La llamada de Cristo a abrirse al otro, al hermano, precisamente al hermano, tiene un radio de extensión siempre concreto y siempre universal. Mira a cada uno por que se refiere a todos. La medida de este abrirse no es sólo y no es tanto la cercanía del otro, cuanto precisamente sus necesidades: tuve hambre, tuve sed, estaba desnudo, en la cárcel, enfermo... Respondamos a esta llamada buscando al hombre que sufre, siguiéndolo hasta más allá de las fronteras de los Estados y continentes. De este modo se crea a través del corazón de cada uno de nosotros esa dimensión universal de la solidaridad humana. La misión de la Iglesia es custodiar esta dimensión: no limitarse a algunas fronteras, a algunas orientaciones políticas, a algunos sistemas. Custodiar la solidaridad humana universal sobre todo con quienes sufren; conservarla mirando a Cristo que precisamente ha formado de una vez para siempre tales dimensiones de solidaridad con el hombre: La caridad de Cristo nos constriñe, persuadidos como estamos de que, si uno murió por todos, luego todos son muertos; y murió por todos para que los que viven no vivan ya para sí, sino para Aquel que por ellos murió y resucitó (2 Cor 5, 14 s.). Y nos la ha dado como tarea de una vez para siempre. La ha dado a todos. A cada uno. ¿Quién desfallece que no desfallezca yo? ¿Quién se escandaliza que yo no me abrase?. Son las palabras de San Pablo (2 Cor 11, 29).

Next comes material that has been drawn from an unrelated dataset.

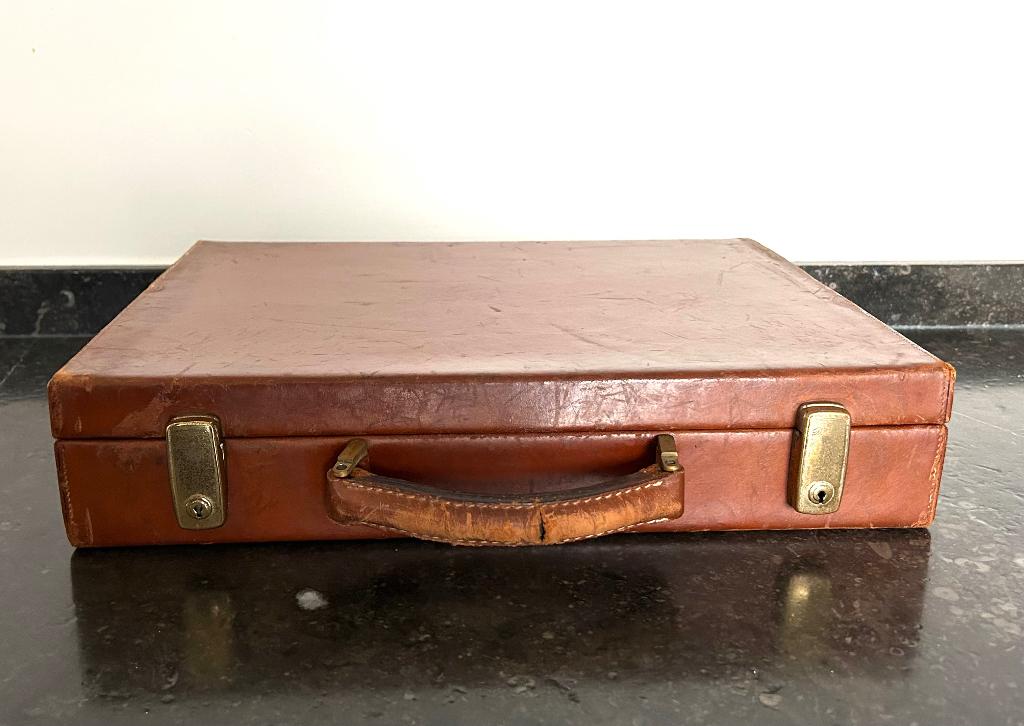 Delvaux aktentas leder koffer valiesje documentenkoffer, Handtassen en Accessoires, Koffers, Ophalen of Verzenden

Por lo tanto, en nuestra conciencia en la conciencia individual del cristiano, en la conciencia social de los diversos ambientes, en las naciones, deben formarse, diría, zonas particulares de solidaridad precisamente con quienes sufren más. Debemos trabajar sistemáticamente para que las zonas de las particulares necesidades humanas, de los grandes sufrimientos, de los agravios, de las injusticias, sean zonas de solidaridad cristiana de toda la Iglesia y, a través de la Iglesia, de cada una de las sociedades y de toda la humanidad.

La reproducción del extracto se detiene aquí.